As usual with these things, I don’t actually see quite as big a gaffe as some others, even accounting for the fact that secretaries of state are supposed to be especiallycircumspect. It was obviously a sarcastic comment. However, Russia is pretending to take it seriously:

In Moscow, Russia’s foreign minister, Sergey V. Lavrov, who was meeting with Syria’s foreign minister, Walid al-Moallem, said in response to Mr. Kerry’s remarks that Russia would join any effort to put Syria’s stockpile of chemical weapons under international control and ultimately destroy them….Although Mr. Kerry appeared to treat the idea that Syria would give up its stockpile as improbable, Mr. Lavrov seized on it as a possible compromise that Russia was prepared to propose to the Syrians.

“We don’t know whether Syria will agree with this, but if the establishment of international control over chemical weapons in the country will prevent attacks, then we will immediately begin work with Damascus,” Mr. Lavrov said at the Foreign Ministry. “And we call on the Syrian leadership to not only agree to setting the chemical weapons storage sites under international control, but also to their subsequent destruction.”

So was Kerry’s statement a gaffe? In normal terms, sure. You don’t toss out stuff like this without thinking about it, and most likely all it does is give Russia and Syria a handy excuse to play games for a while longer. However, in any terms more sophisticated than those of a five-year-old, it wasn’t really much of a gaffe. Kerry’s meaning was perfectly plain.
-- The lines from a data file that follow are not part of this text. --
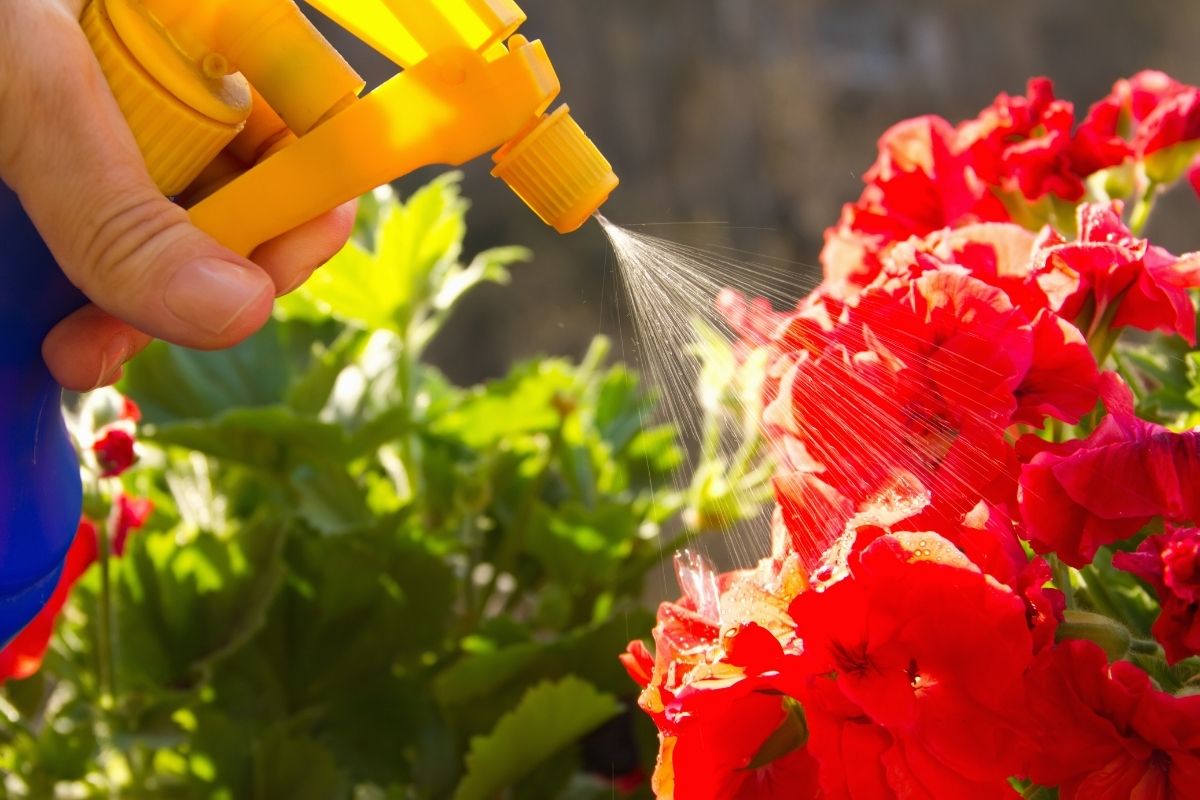 Precisando de um adubo novo? Veja como fazer um adubo incrível para suas plantas usando leite!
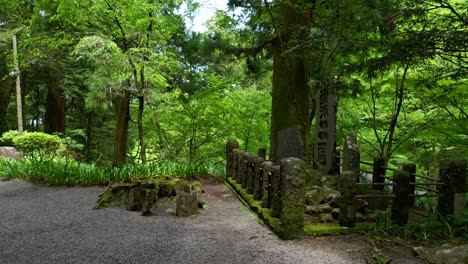Walking-through-lush-forest-with-typical-Japanese-stone-pillars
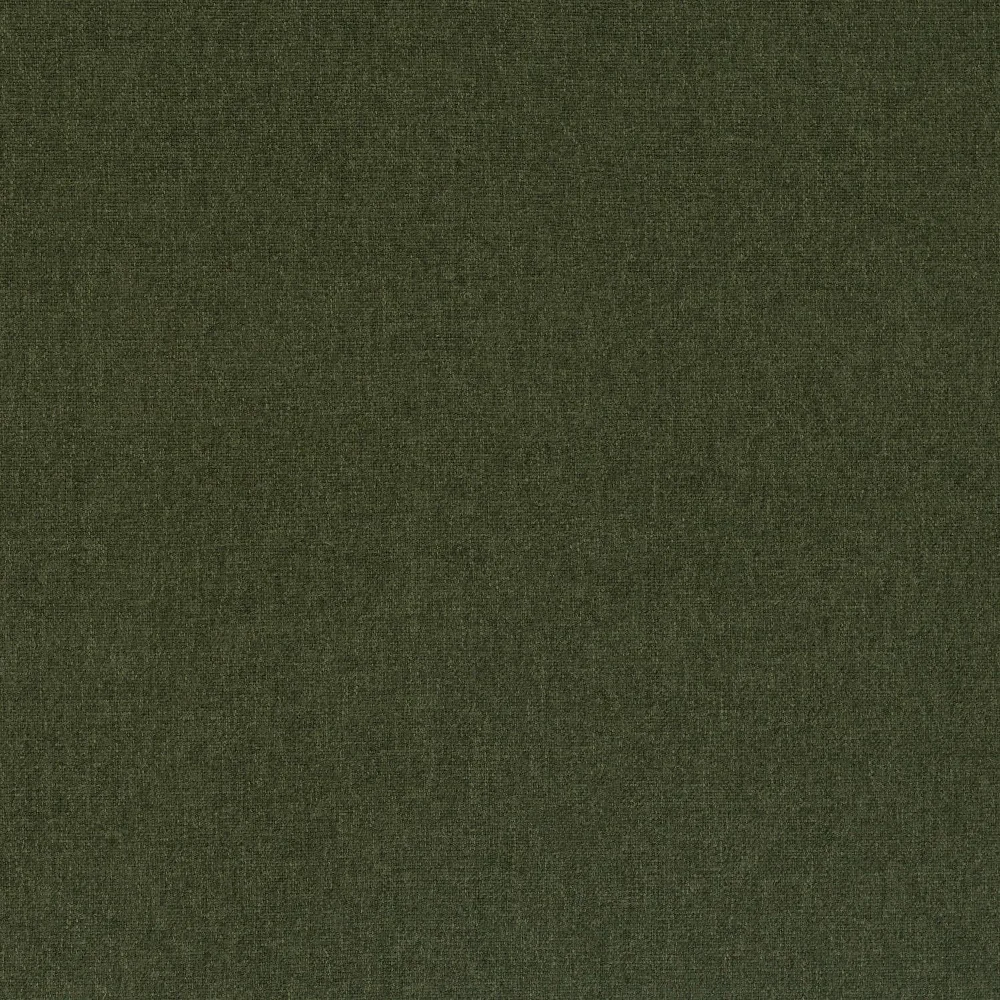 Winterberry - Alpine - Image 2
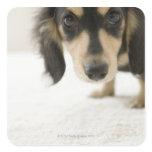 Dog 2 stickers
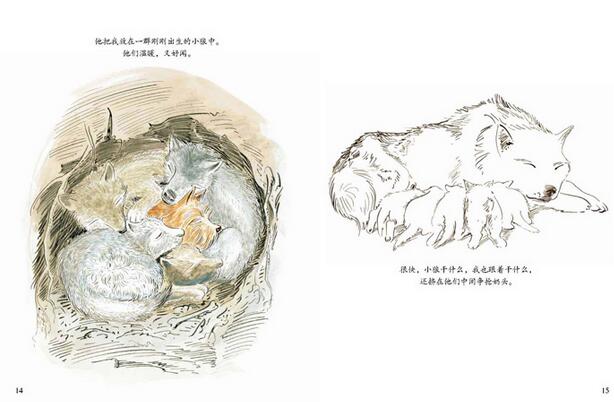 《红狼》绘本故事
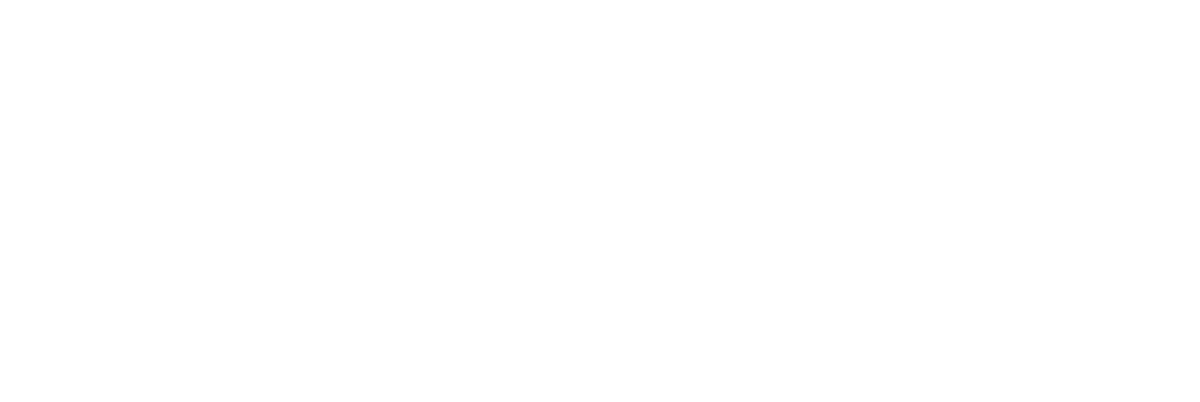 Silver Sponsor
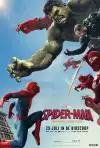 SpiderManBrandNewDay3D_134295478732410029_big-cine_deskt.webp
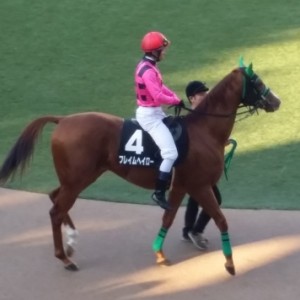 ラピスラズリ出走時パドック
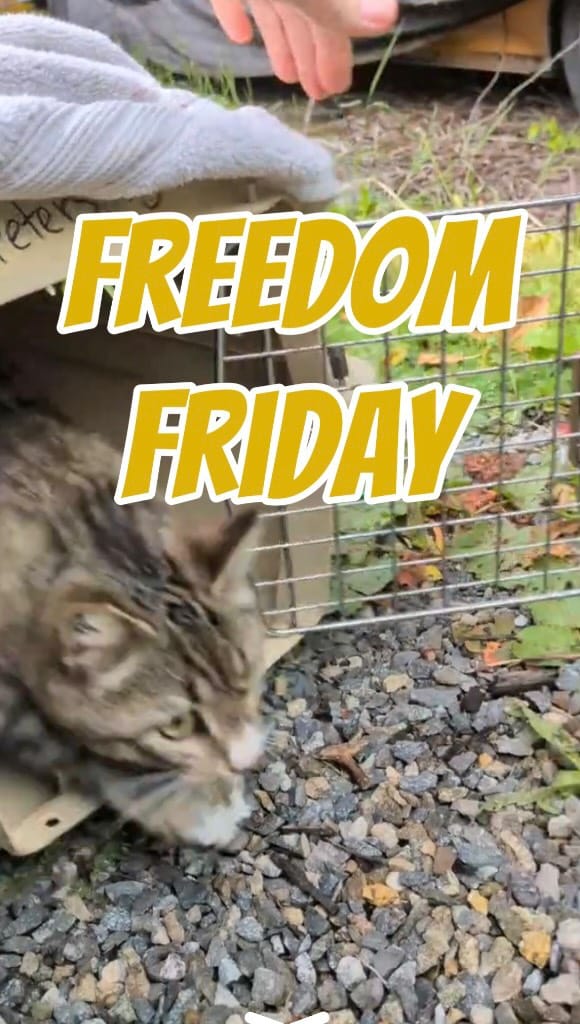 Post 3 by Alley Cat Project on Instagram (video)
Still, what if the Russians aren’t playing games, but are seizing an unanticipated opportunity? It’s possible that for all their bluster, the Russians would actually like a way out of this that saves some face. It’s also possible, if you believe the latest reports in Bild am Sonntag, that Assad never wanted last month’s chemical attack to go forward in the first place. His generals did it without his go-ahead. So maybe he’d just as soon be rid of the stuff.

I doubt it. But it’s at least an intriguing thought. If all of this ended up with some kind of UN inspection force taking control of Syria’s chemical arsenal, that would be a pretty good outcome for everyone. And it would make Kerry’s statement sort of the opposite of a Kinsley gaffe. Instead of a politician accidentally telling the truth, it would end up being a politician accidentally solving a real problem.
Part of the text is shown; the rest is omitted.